Scraped caption text data.
# # # # #

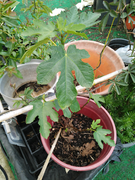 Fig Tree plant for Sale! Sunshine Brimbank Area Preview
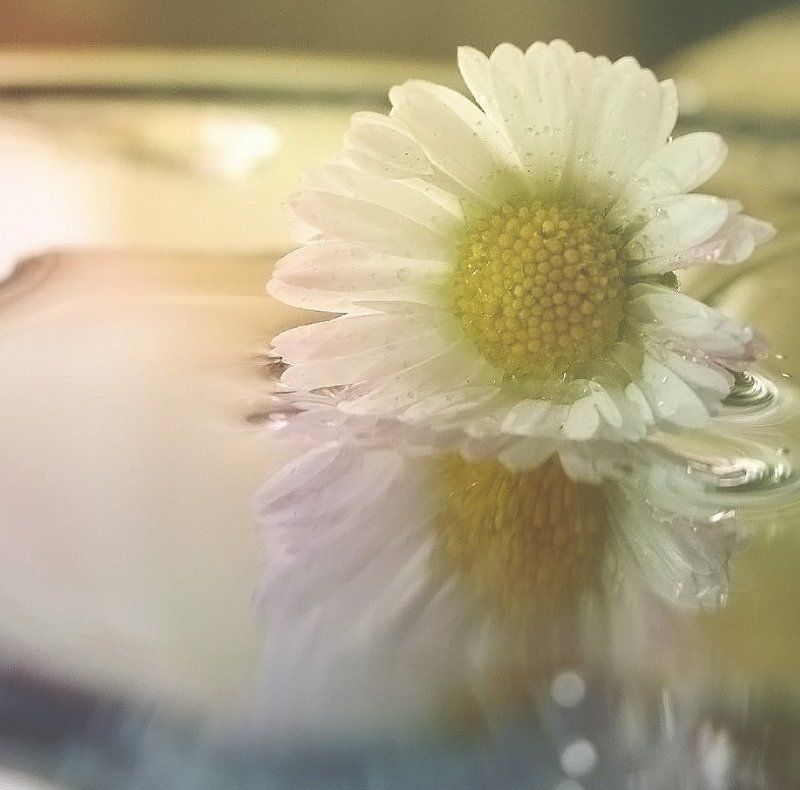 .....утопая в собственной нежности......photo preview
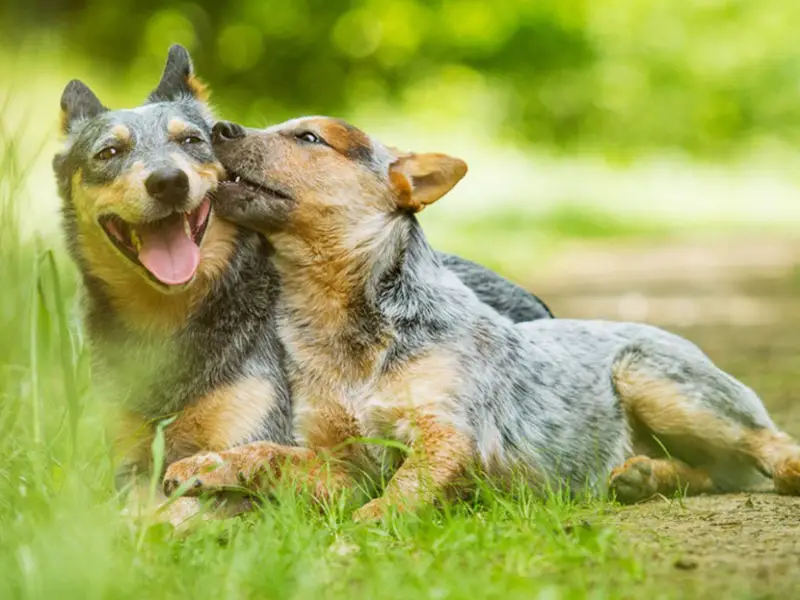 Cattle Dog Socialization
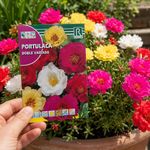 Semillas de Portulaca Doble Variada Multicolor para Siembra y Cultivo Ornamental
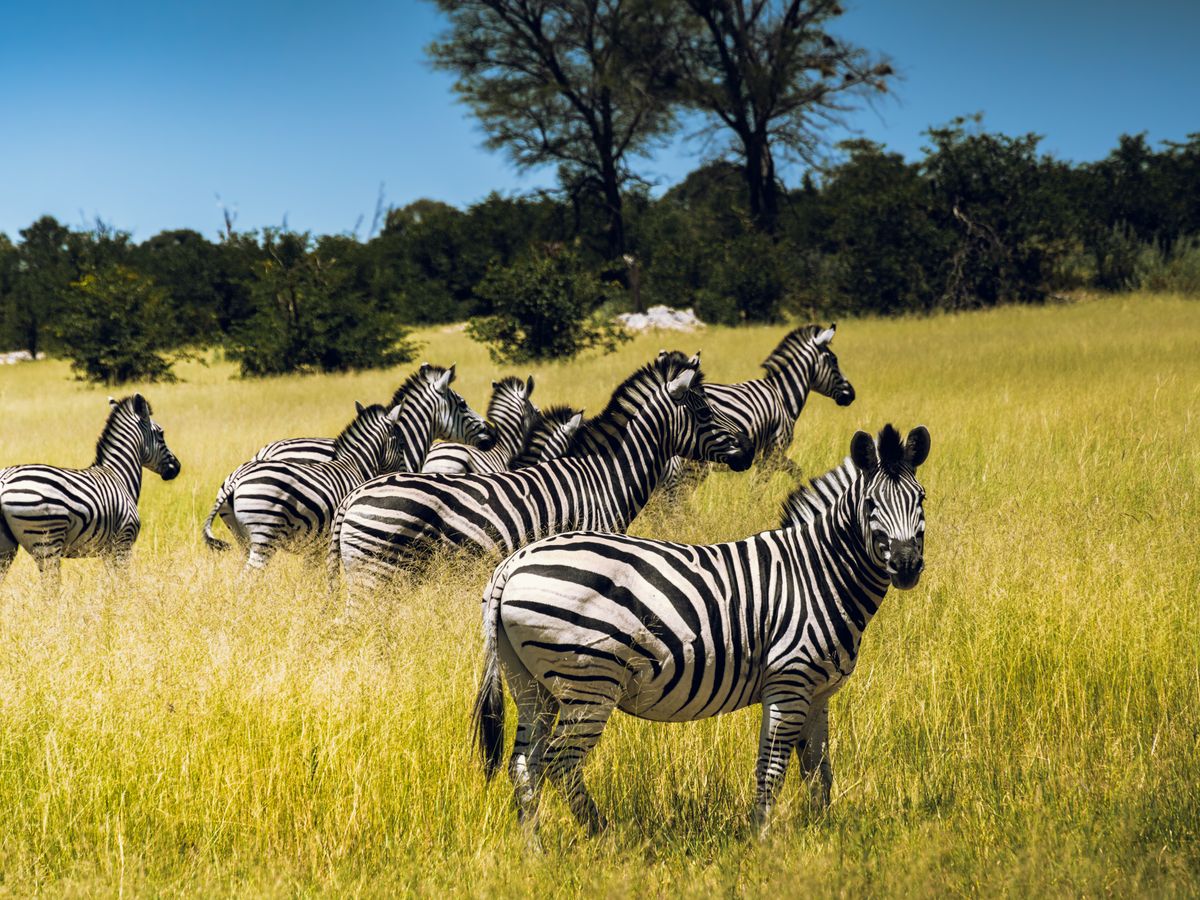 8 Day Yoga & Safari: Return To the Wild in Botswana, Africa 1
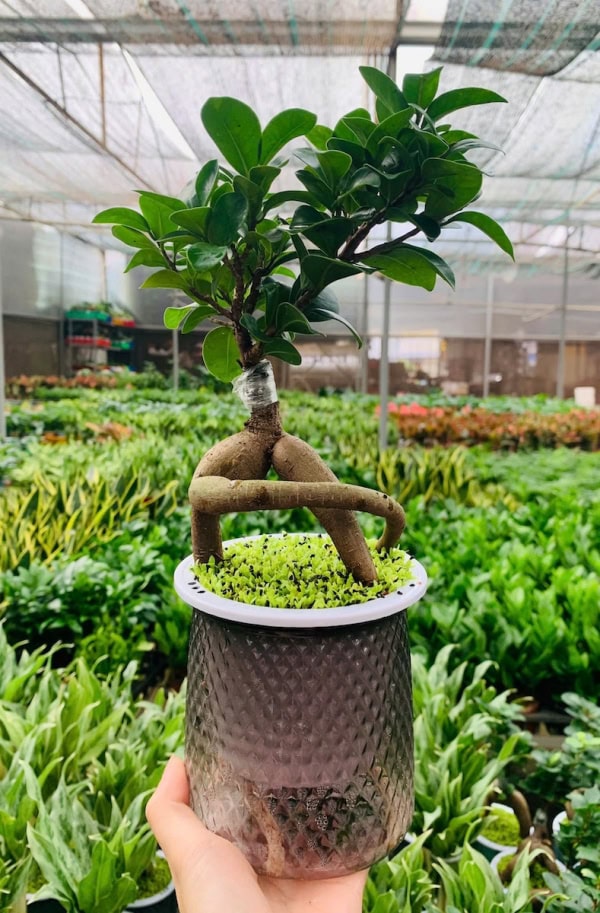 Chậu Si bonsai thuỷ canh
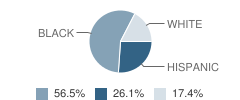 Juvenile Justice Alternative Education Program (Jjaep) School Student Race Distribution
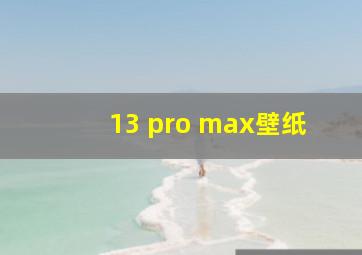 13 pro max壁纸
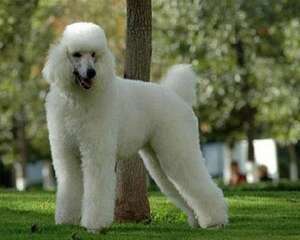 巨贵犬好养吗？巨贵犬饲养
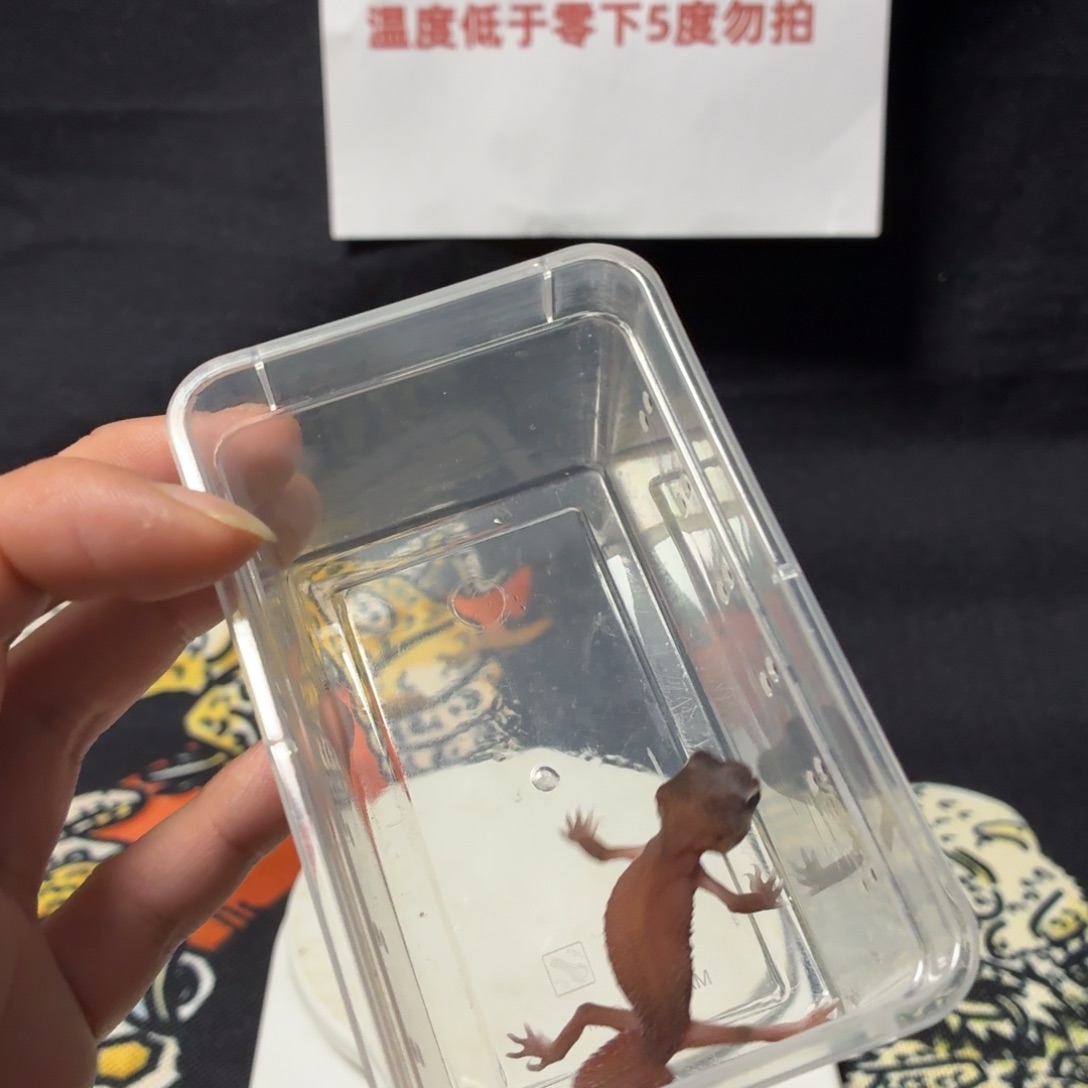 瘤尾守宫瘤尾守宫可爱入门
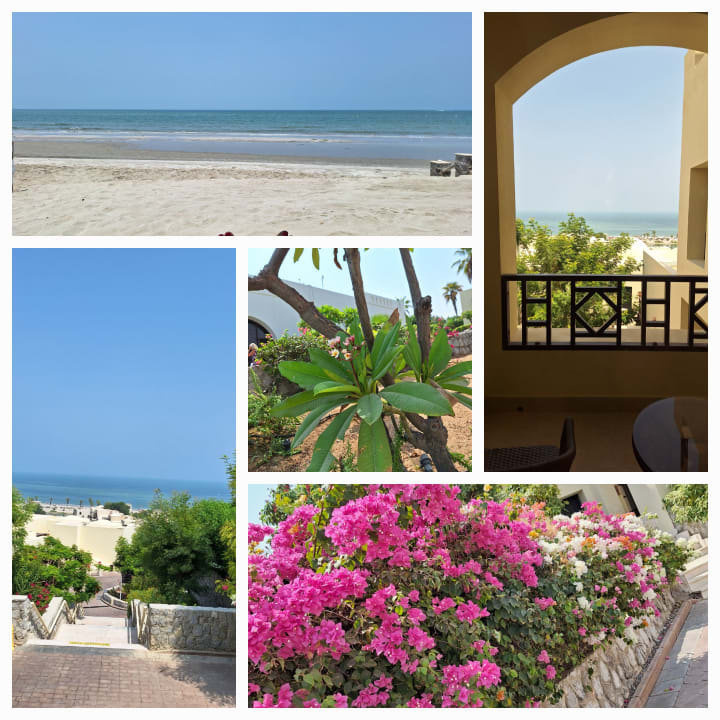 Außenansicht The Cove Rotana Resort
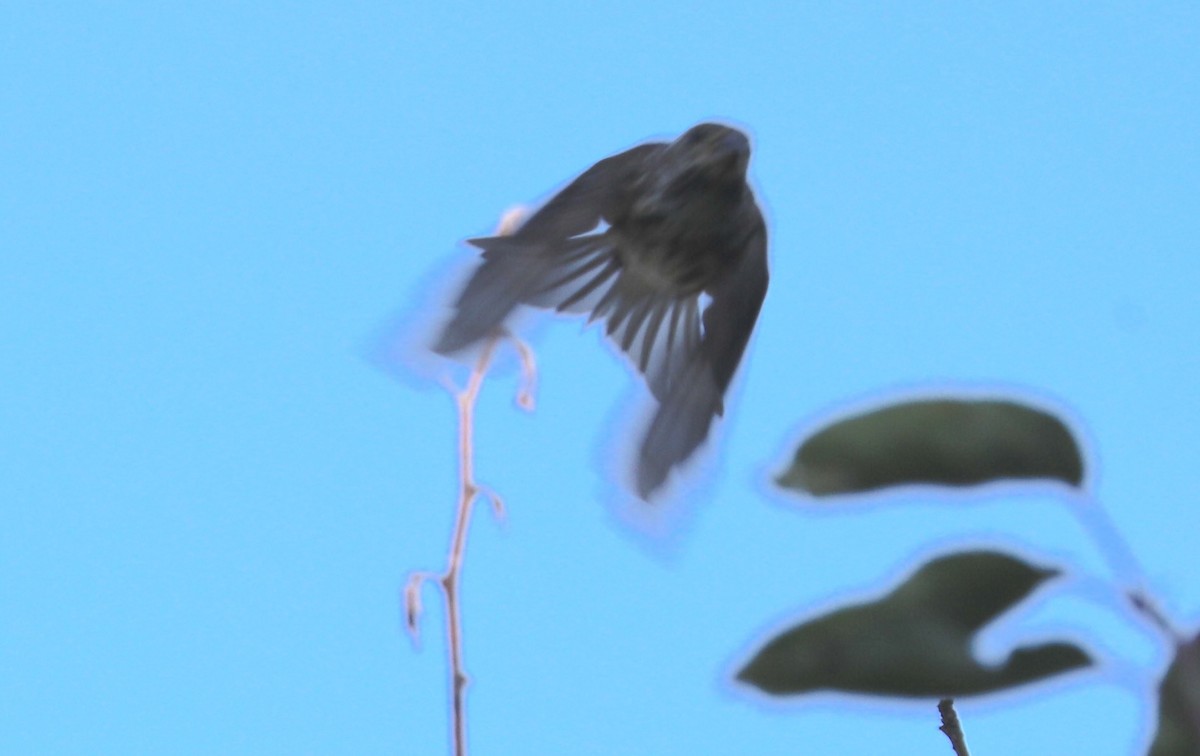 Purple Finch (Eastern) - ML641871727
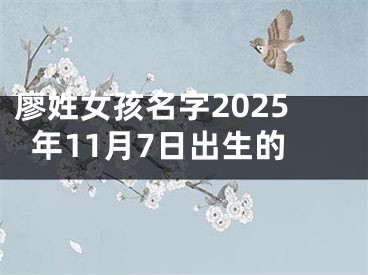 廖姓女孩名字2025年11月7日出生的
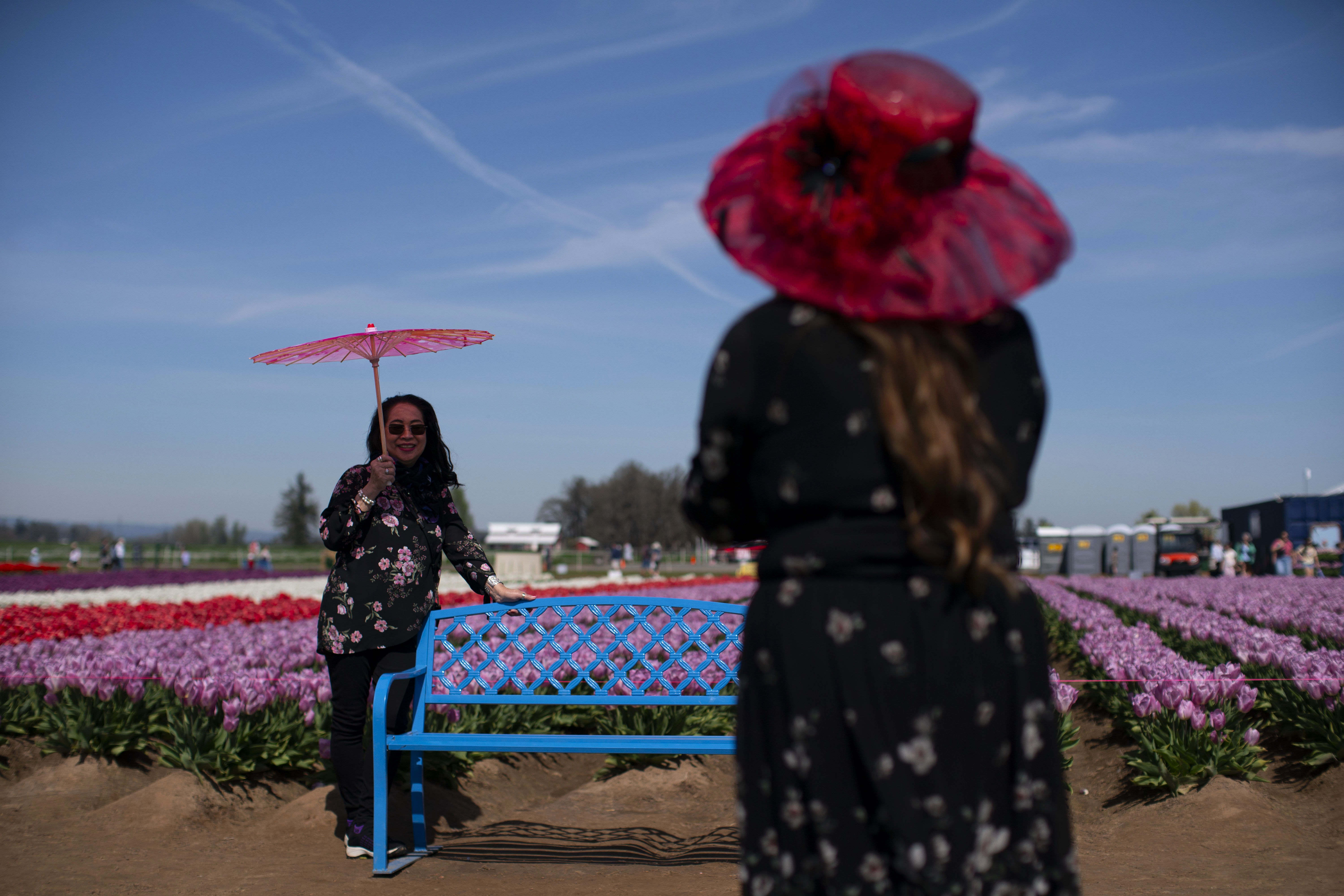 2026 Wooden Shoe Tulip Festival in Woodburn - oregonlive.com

# # # # #

Work instructions. In the records above, find the line that contains "廖姓女孩名字2025年11月7日出生的". Print it and every later line exactly, omitting the pictures.

Completed exercise.
 廖姓女孩名字2025年11月7日出生的
 2026 Wooden Shoe Tulip Festival in Woodburn - oregonlive.com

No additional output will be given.